Situated in China, the Three Gorges Dam on River Yangtze is used for power generation, power control and navigation purposes. Opened in 2008, this hydroelectric dam is the World's largest power station in terms of its installed capacity - 22,500 MW (mega-watts). It became fully functional on July 4, 2012, except for the ship lift which was expected to be operational by 2015. The ship lift is a kind of elevator for vessels weighing up to 3,000 tons.

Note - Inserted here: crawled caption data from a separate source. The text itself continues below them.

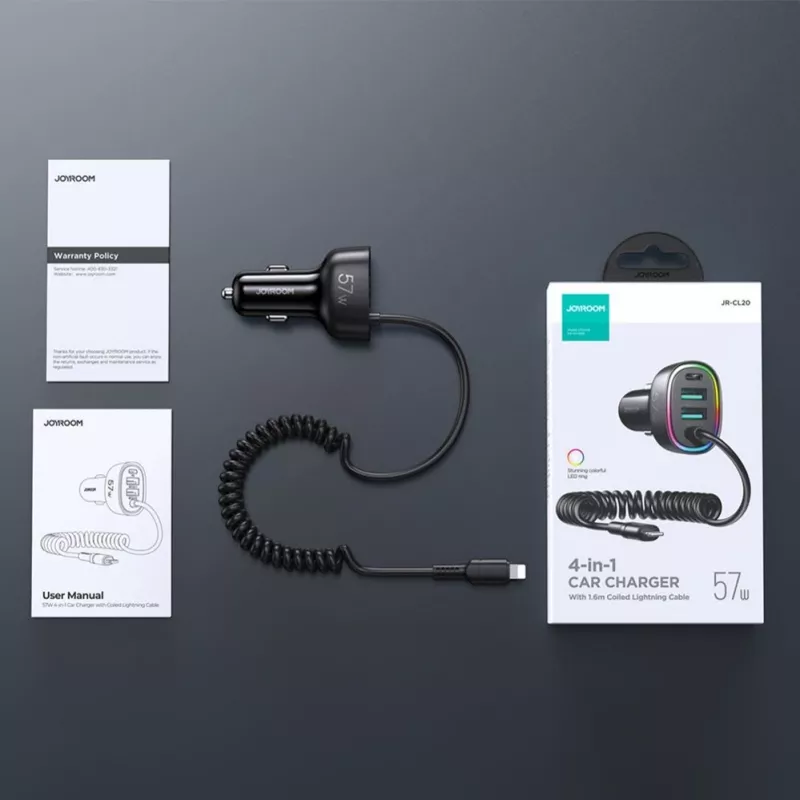 Joyroom 4-in-1 Fast Car Charger PD QC3.0 AFC FCP su 1,6m 57W Lightning kabeliu, juodas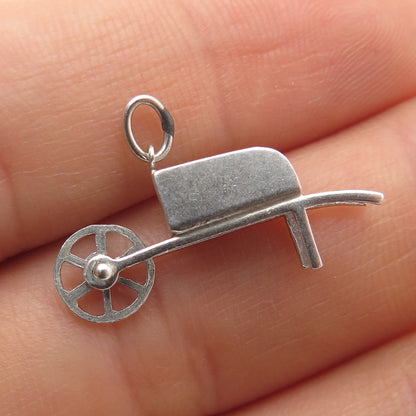 925 Sterling Silver Antique Wheelbarrow Gardening Minimalist 3D Charm Pendant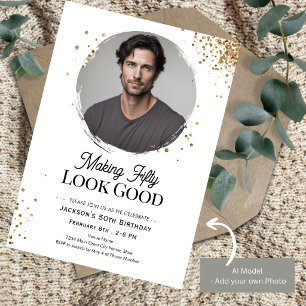 Invitation Faire paraître 50 ans bien Photo Anniversaire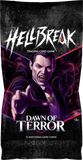 Trading card game pack for 'Hellbreak' with a vampire character on a dark background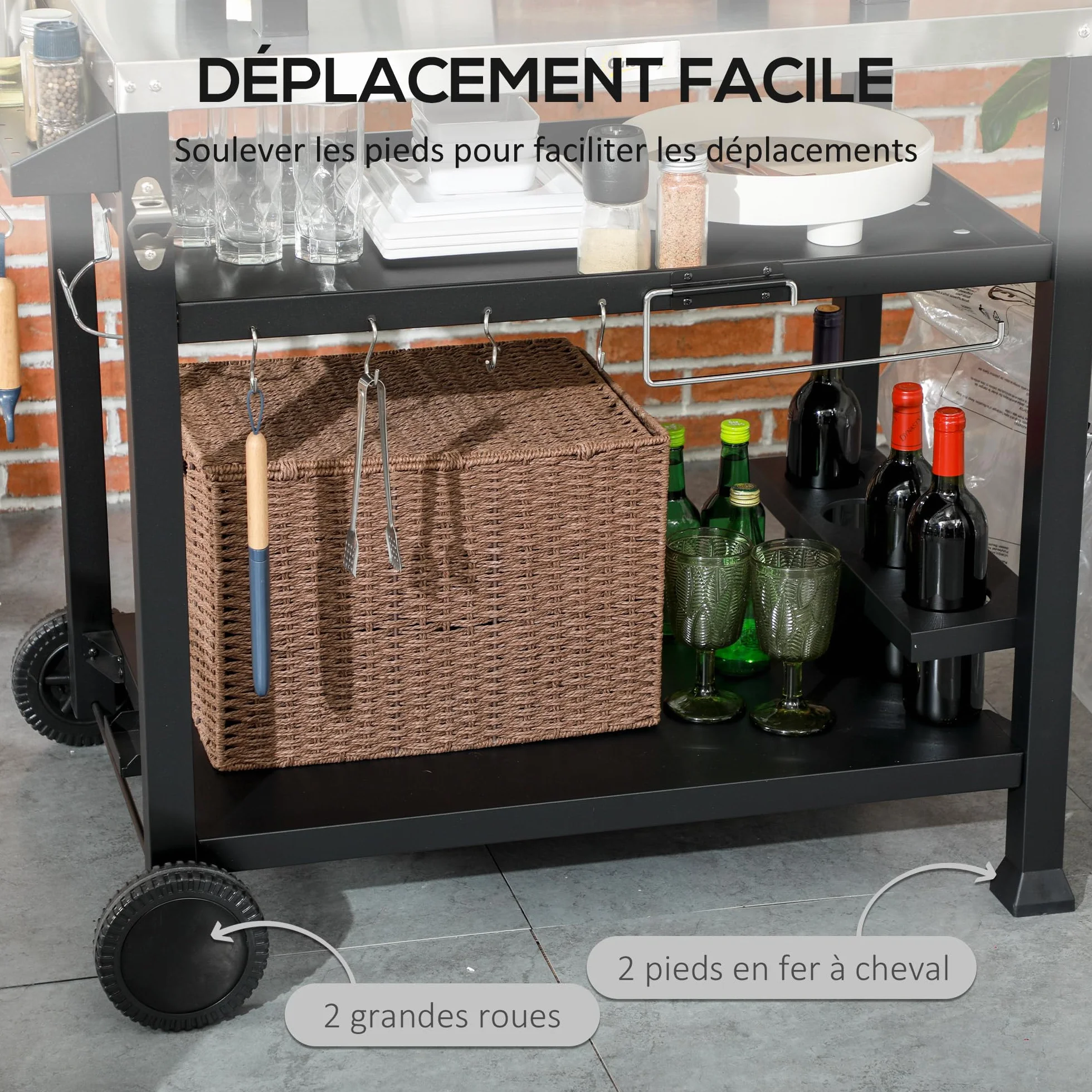 Outsunny Chariot Desserte Barbecue Plancha INOX 3 Étages 6 Crochets Tablette Rabattable 2 Roulettes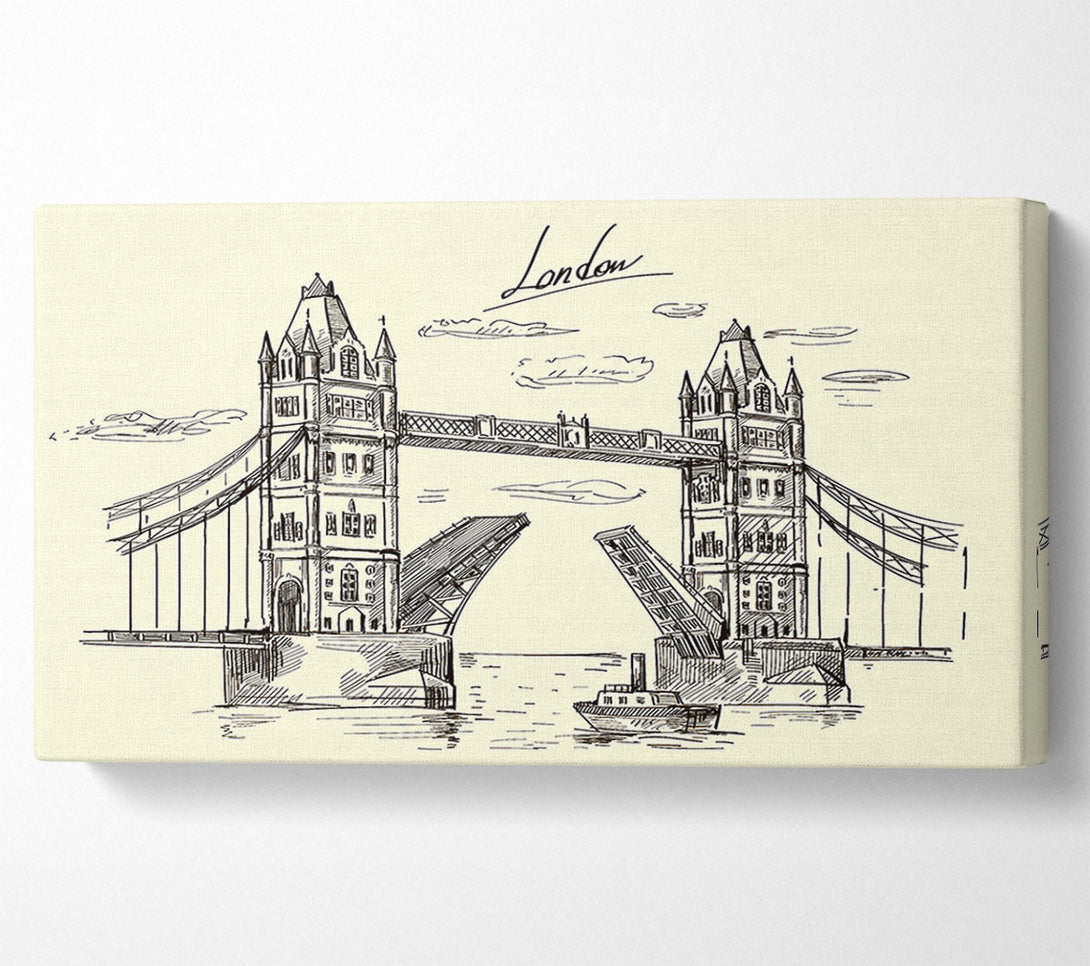  A Canvas Print of Tower Bridge Outline 5 Canvas Print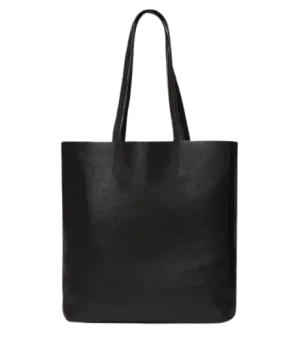 STITCH & HIDE LEATHER GEORGIA TOTE BAG BLACK - FREE WALLET POUCH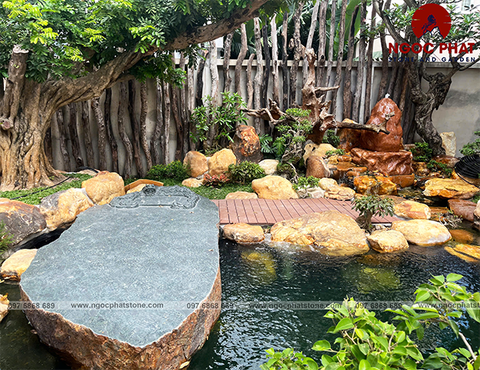 HỒ CÁ KOI SÂN VƯỜN -ĐÁ CUỘI THẠCH ANH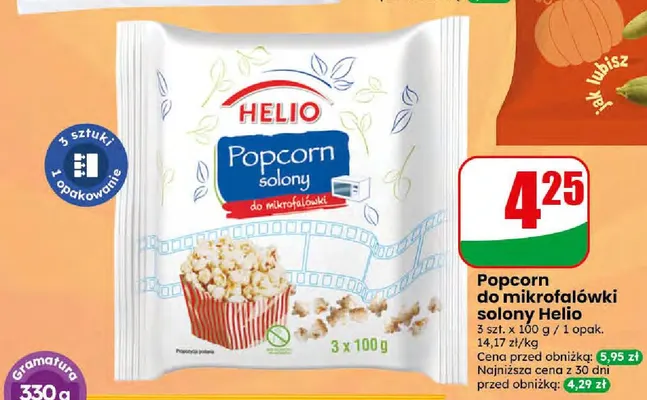 Popcorn do mikrofalówki solony Helio 3-pak promocja w Dino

Three Gorges Dam is also the second largest hydroelectric facility in annual energy generation. It is an example of historical engineering with state-of-the-art large turbines. Each main water turbine has a capacity of 700 MW and weigh about 6,000 tonnes each. The dam uses 4,63,000 tonnes of steel (enough to build as many as 63 Eiffel Towers).
Did you know that upon completion, the Three Gorges Dam changed the speed of rotation of the Earth? It holds about 39 trillion kilograms of water 175 metres above sea level. NASA calculated that since the dam has been built, each day is 0.6 microseconds slower than before. It might not make much difference to us but it is still a mind-boggling fact.s
Electrical engineers have not stopped planning bigger miracles in the field of Power Systems Engineering. The proposed Grand Inga Dam in Congo is expected to have a capacity of 39,000 MW (about twice the capacity of the Three Gorges Dam). Penzhin Tidal Power Plant in Russia is another proposal with an installed capacity of 87 GW.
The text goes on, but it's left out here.